*** Data shown ***

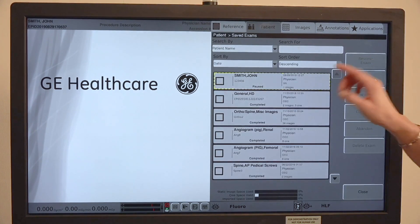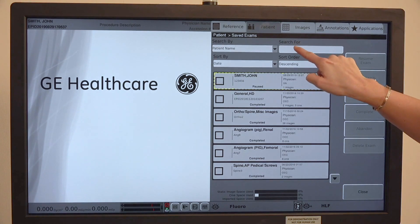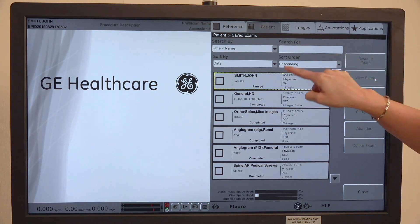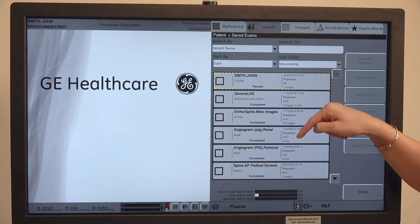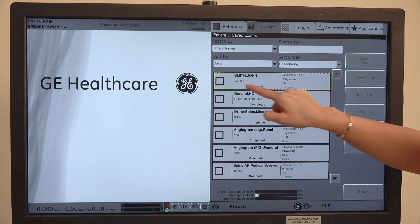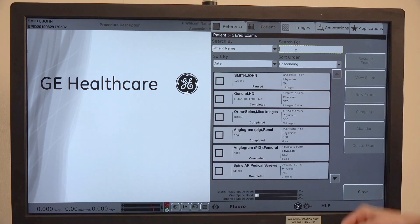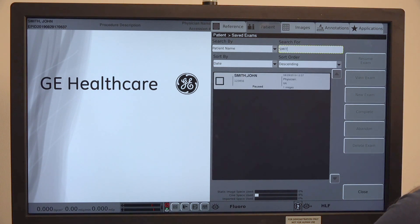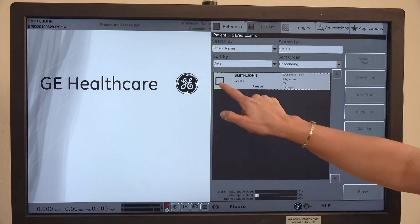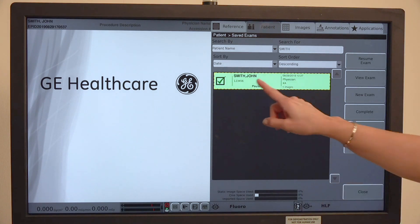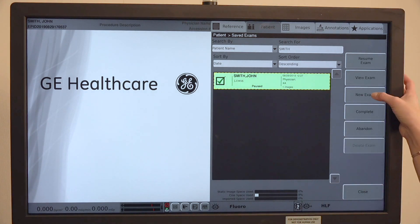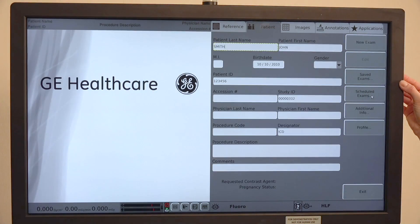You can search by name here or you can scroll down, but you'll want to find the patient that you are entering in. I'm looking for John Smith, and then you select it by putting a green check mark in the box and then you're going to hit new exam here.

*** End of Data shown ***
*** Data shown ***

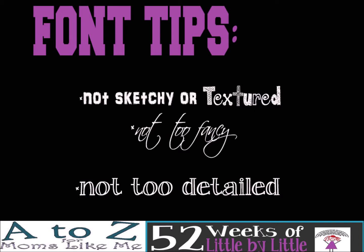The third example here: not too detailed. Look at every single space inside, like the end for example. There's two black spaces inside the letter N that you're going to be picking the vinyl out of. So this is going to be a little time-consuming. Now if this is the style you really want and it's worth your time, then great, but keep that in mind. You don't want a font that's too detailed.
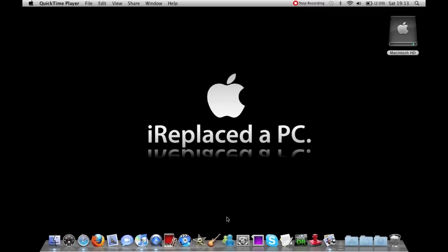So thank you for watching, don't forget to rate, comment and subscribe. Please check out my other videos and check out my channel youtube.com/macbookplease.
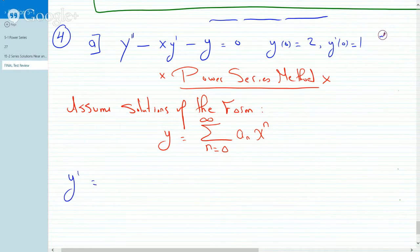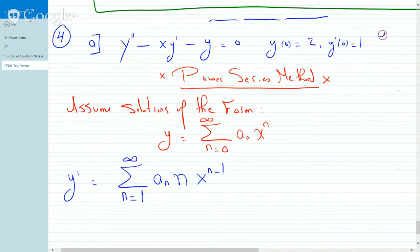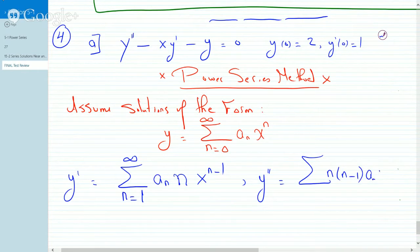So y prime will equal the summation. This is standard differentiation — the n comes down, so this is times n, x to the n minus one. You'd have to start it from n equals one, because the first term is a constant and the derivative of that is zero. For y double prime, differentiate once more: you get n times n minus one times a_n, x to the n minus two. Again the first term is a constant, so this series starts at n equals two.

*** End of Data shown ***

== Exercise aim ==
Only the lines of the listing above from the one with "So thank you" through the one with "So y prime will" should be output, exactly, with both ends kept and pictures left out.

== Solution to the problem ==
So thank you for watching, don't forget to rate, comment and subscribe. Please check out my other videos and check out my channel youtube.com/macbookplease.
So y prime will equal the summation. This is standard differentiation — the n comes down, so this is times n, x to the n minus one. You'd have to start it from n equals one, because the first term is a constant and the derivative of that is zero. For y double prime, differentiate once more: you get n times n minus one times a_n, x to the n minus two. Again the first term is a constant, so this series starts at n equals two.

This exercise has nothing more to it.